Зачем спорить с Шуриковым — он, все равно, останется прав. Не надо, не надо спорить в Шуриковым.
— Да, Берг, действительно, нормально живет, не по-лагерному... Разрешите папиросочку, гражданин начальник?
Легкий табачок — не то что самосад! — щекочет горло, заполняет всю грудь, душит. И голова кружится, кружится... А ведь давно мы папиросочек не куривали... Внимание! Майор Шуриков встал из-за стола, прошелся по кабинету: сейчас будет главный вопрос — это всегда у них так... Спокойно! Держаться непринужденно: сбросить пепел мизинцем, взять с чернильницы бронзовую крышку с орлом, рассмотреть ее как следует... Спокойно!..
Двое беседуют в полумраке. Неторопливо, негромко. Два человека в небольшой комнате, как на необитаемом острове. Оба русские, советские. У обоих тысячи одинаковых желаний: чтобы скорее война кончилась, чтобы ночью спалось хорошо, чтобы скорее лето, чтобы... Что еще?.. Оба одинаково хотят есть? Оба одинаково хотят пройтись по улице в сапогах?.. Что еще сейчас между ними общего? Ни-че-го!.. Двое советских — на разных островах. Между ними тишина, как океан. За дверью дежурный стрелок и плевательница, как волчок камерный. Двое курят неторопливо и говорят как бы небрежно — так, между прочим... А мозг работает, как перегретый мотор.

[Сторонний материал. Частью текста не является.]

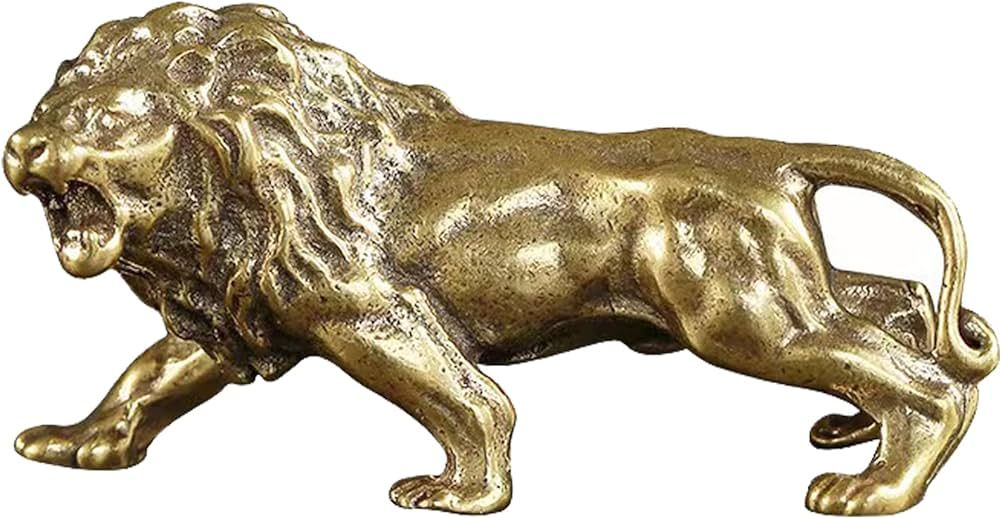 ALHBEJT Chinese Handmade Brass Lion Statue Home Decor Animal Figurines for Living Room Bedroom Ho... | Amazon (US)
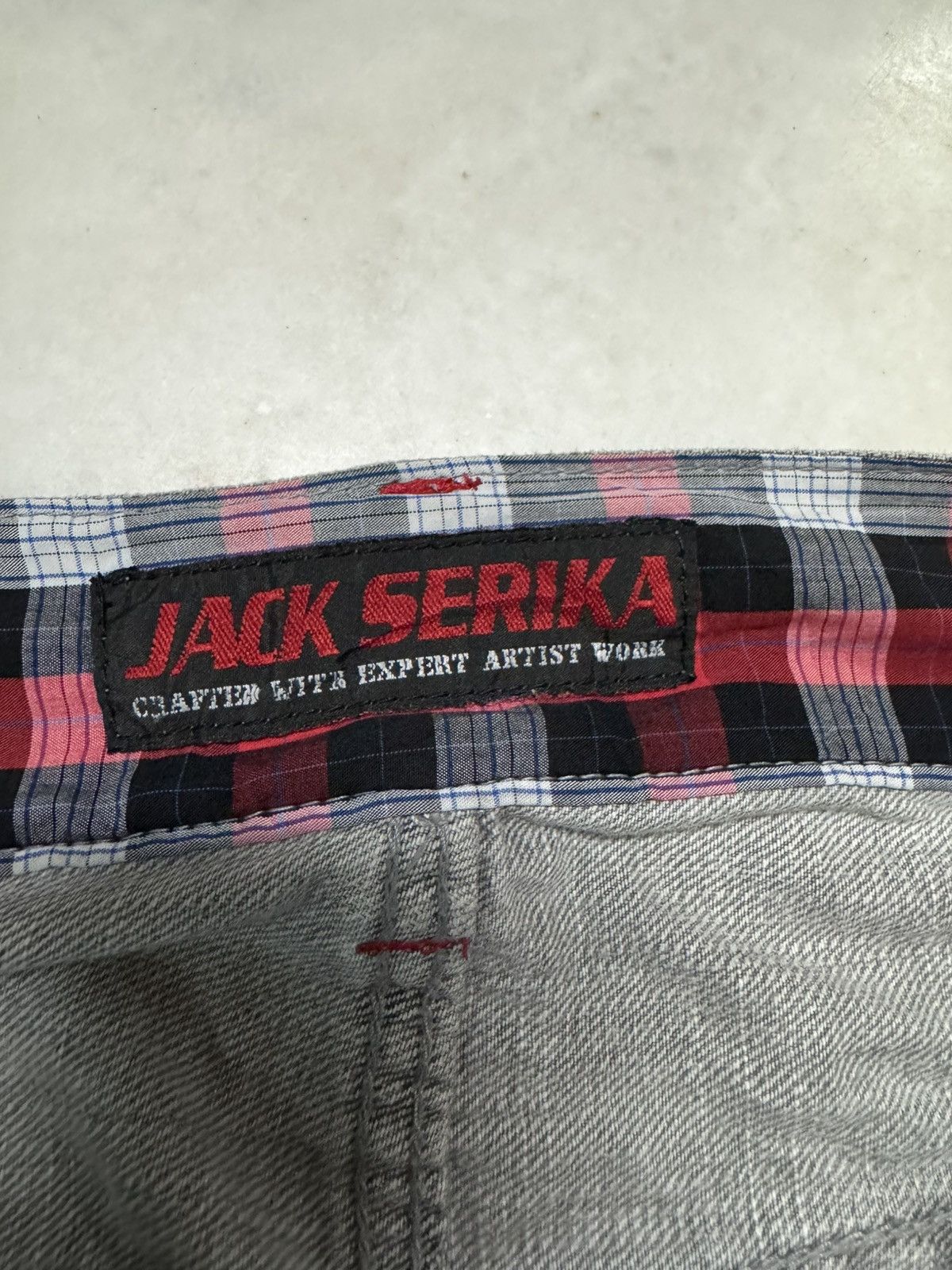 Designer 💥Flare💥90s Jack Serika Punk Jeans Script Logo Faded Distress Size US 28 / EU 44 - 9 Thumbnail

Ну, Шуриков, начинай. Ваш ход, гражданин начальник.
— Ах, да! Между прочим, Ставин...
Вот-вот... Знает дело Шуриков! Все главные вопросы начинаются с „между прочим".
— Между прочим, Ставин, у вас хорошая память? Не припомните ли один ерундовский случай. Мелочь, сущая мелочь, но хотелось бы уточнить. Где-то в середине сентября... Ах, да — шестнадцатого сентября сорок первого года... Вы тогда содержались еще в пересыльной тюрьме... Помните?
— Пересылку-то? Конечно, помню.
— А вот, этот день... точнее — вечер? Вас конвоировали на четвертый километр разгружать вагоны с цементом...
— Помню. А что?
— Кажется, дождь шел...
— Еще какой! Вредительство, гражданин начальник! Я даже хотел жалобу написать куда-нибудь, а нарядчик сказал „заткнись!" Представляете: весь день дождь хлещет, как из ведра, а они придумали цемент разгружать. Прямо в лужи! Мешки рваные, цемент сыплется. А когда почти все выгрузили — тут уж такой ливень саданул — даже охрана не выдержала, под навес кинулась вместе с собаками! Вот какой ливень! Сколько народных денег, наверное, пропало... Ведь четыре пульмановских вагона, гражданин начальник! Хоть бы брезентом прикрыли.